Wendy Gardner is the daughter of an ex-senator, named Desmond Gardner, currently serving time in a Federal Minimum Security Correctional Facility in Maryland on a bribery conviction, but a chance at parole is looming on the horizon. However, a sugar-related investigation might block Gardner from tasting his freedom again. Which is why Gardner contacted Michaelson through his daughter and asked him for chat at the prison face to face.

The first half of Washington Deceased mainly consists of establishing Michaelson as a character of this series, which shows him as "brave, cool and arrogant" with a "definite idea where he wants to be when the next President comes in," but would "lie, cheat or steal to get on the right guy's short list for one of the jobs he has in mind." So, not exactly a hand-wringing bureaucrat, but a politician nonetheless.
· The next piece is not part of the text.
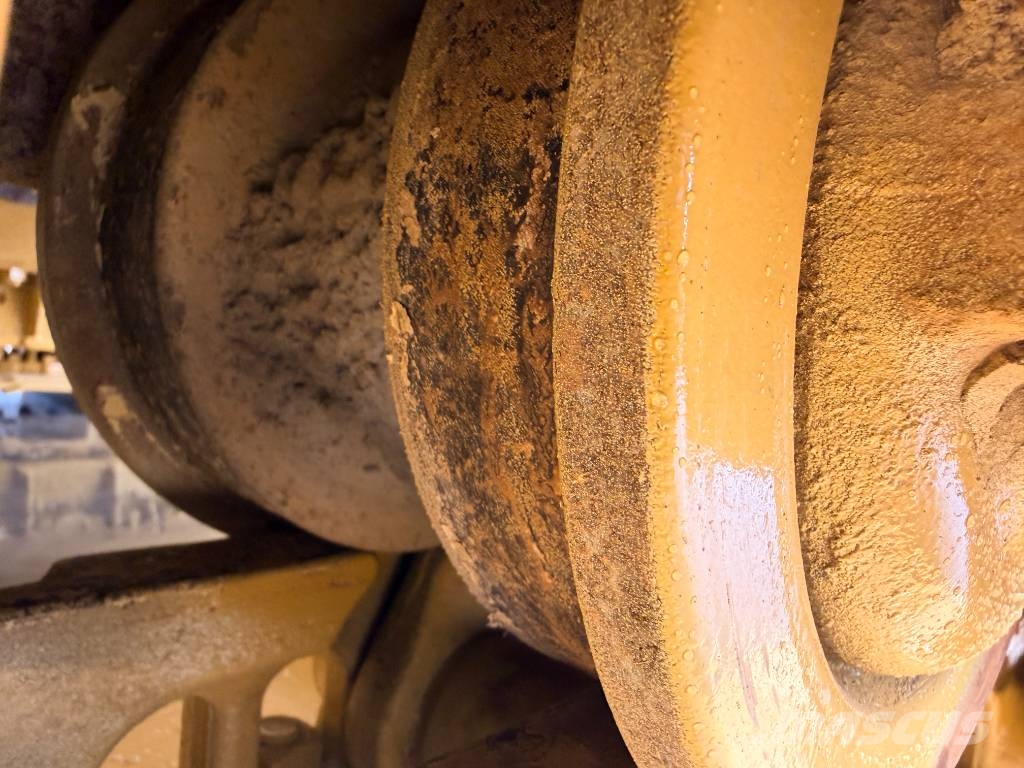 CAT D6T XL Telaketjupuskutraktorit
There are, of course, some things to be said about Washington itself, or rather, the political-machine it hosts, which has (for example) the State Department spying on the CIA, because the latter was "not good at telling the State Department and Congress everything it found out" – which gave the place an Alice-in-Wonderlandesque spot of madness. Like the right hand not knowing what the left hand is doing. There were also some conversational snippets predicting a collapse of Apartheid in South Africa and a crumbling influence of the Soviet Union.
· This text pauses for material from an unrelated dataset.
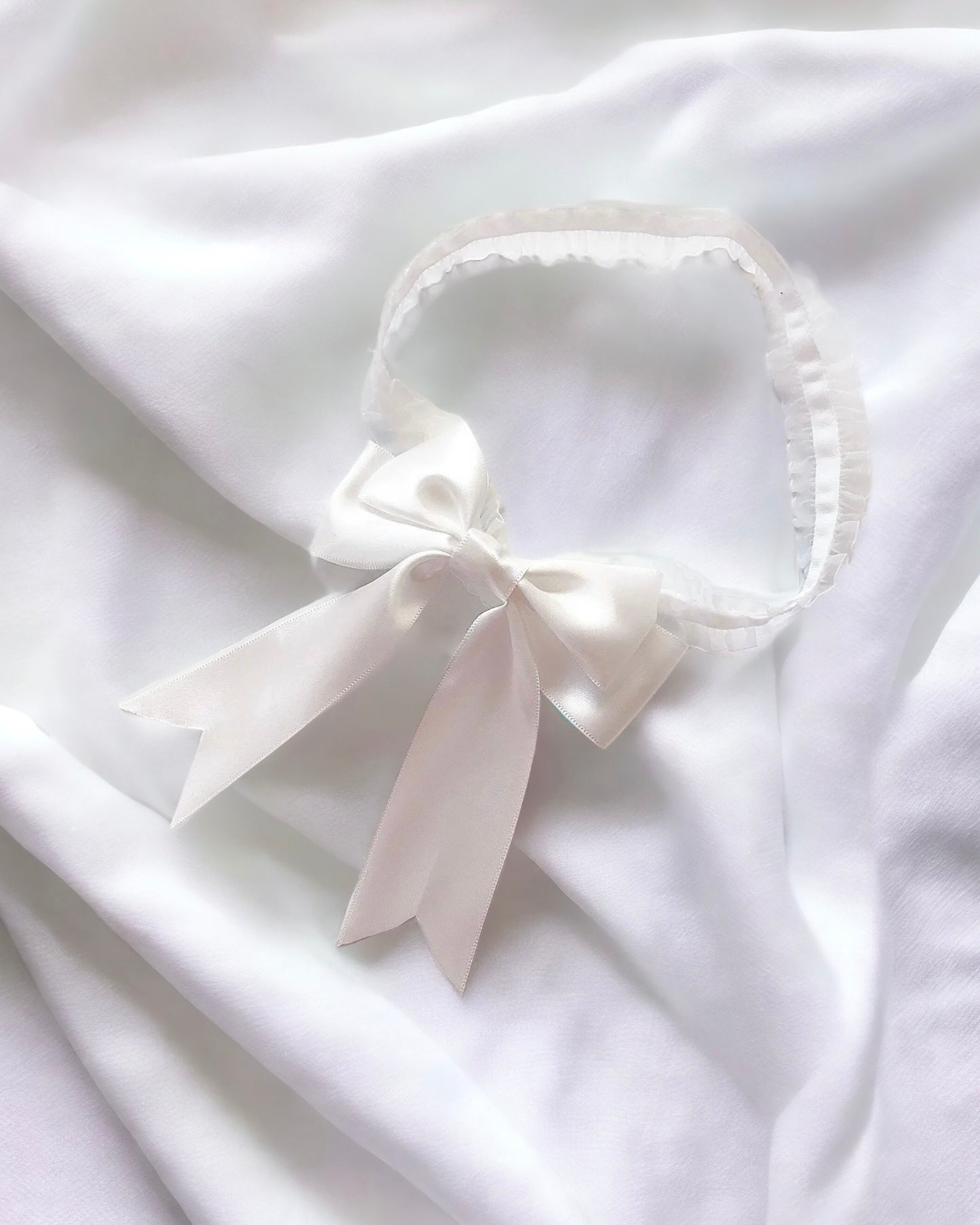 WHITE BOW GARTER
I found these parts quite enjoyable, because it placed the detective story in a different territory, but only part of the story that of interest, plot-wise, was the seemingly inexplicable locked room shooting in prison.
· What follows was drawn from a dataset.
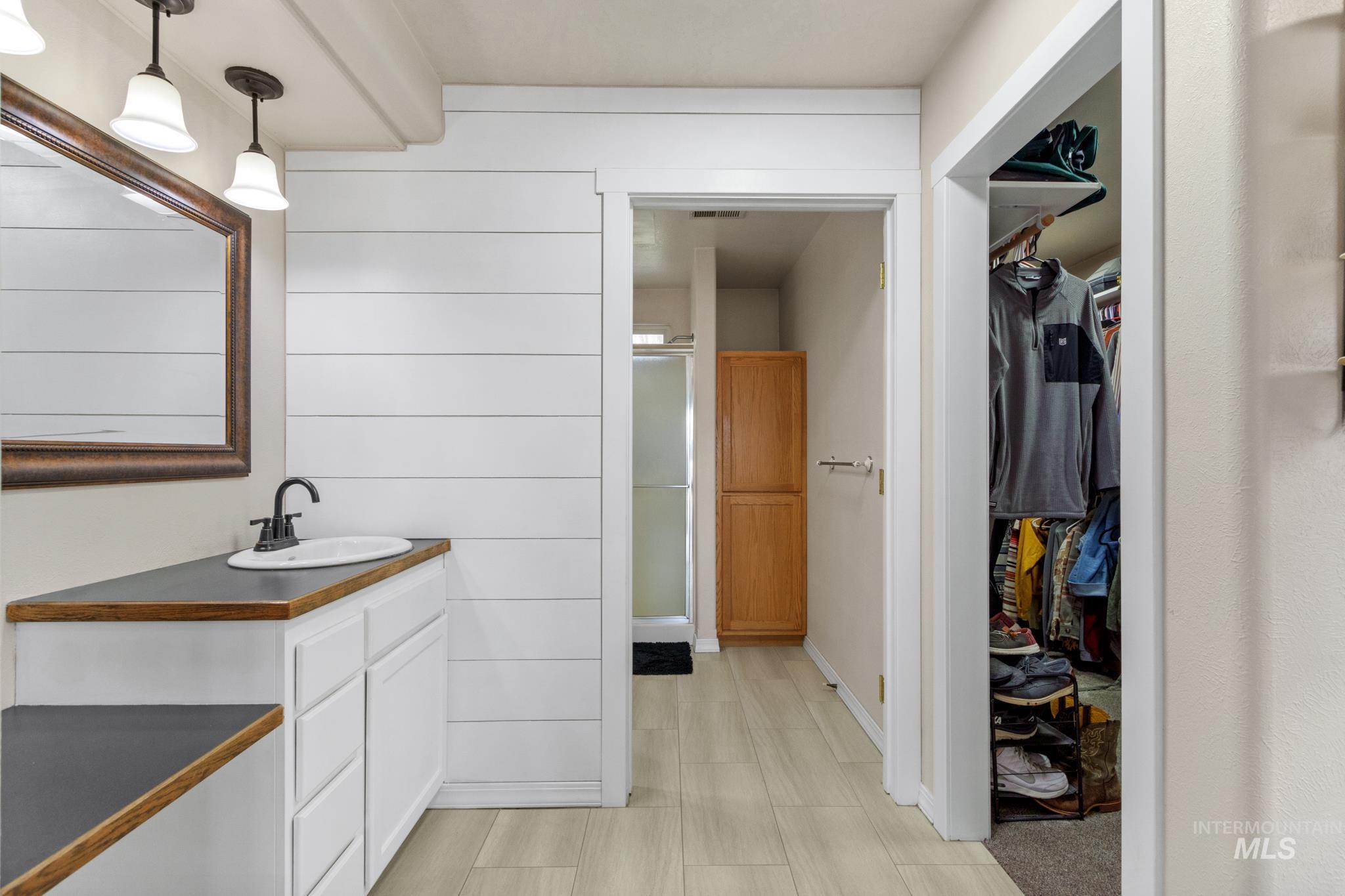 27 N Pit Lane, Nampa, Idaho 83687, 3 Bedrooms, 2 Bathrooms, Residential For Sale, Price $769,000, 98981321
"Sweet" Tony Martinelli was "a thumb breaker" specialized in "labor racketeering," which exists of coaxing "union members not to be overly inquisitive about what's happening to their pension funds" and shake down employers by convincing people "not to interfere with illegal work stoppages." A charming personality who was quite out of place in the minimum secured facility housing non-violent offenders.

So it's not a surprise someone wanted an end to Martinelli's existence, but the real problem arises in answering how this unknown person managed to do it!

Tony Martinelli is shot in a locked basement supply room, numbered "B-4," with a Colt .22, which was left inside the room and the shooting was on a surveillance camera – and that's where the problems begin to arise. The only room in the window was barred, locked and framed with a metal detector-alarm and the same goes for pretty much the entire premise. There are three floor plans showing how many cameras and metal detectors are strewed around the complex, which makes it "totally impossible for any inmate" to have "left the Supply Room by any means."

The explanation for this seemingly impossible murder has flashes of originality and imagination, which possibly betrayed a love for stage-illusions on the authors part, but the complexity of the trick came at the expense of believability – evidenced by the amount of ground Michaelson had to cover to explain each step of the murder.

The murderer had to do "a whole series of things that incredibly increased the chance" of being spotted "doing something that would get him convicted of murder," which is hard to explain in a convincing manner without Murphy's Law rearing its ugly head.

You really need to calculate one or two (minor) screw-ups in order to give this kind of real-time, murderous illusions a shred of credibility, but I can easily forgive this – 'cause I love originally thought-out impossible problems. I had a much bigger problem how some of the details were half-assed such as how the murder weapon got into the facility as a whole. The answer supplied: "how does cocaine get in... how does contraband of any kind get in," followed by "no prison on Earth is airtight." Well, the solution how the pistol got into locked and metal-detector protected supply room was definitely a lot better. And puzzling along and making up false solutions was fun as well. 

Overall, Washington Deceased was an interesting, if imperfect, introduction to Michael Bowen's locked room novels, which requires further investigation before giving my final judgment. I remember reading some positive things about Worst Case Scenario (1996) and Collateral Damage (1999). So one of those two will probably be the next Bowen I'll be reading.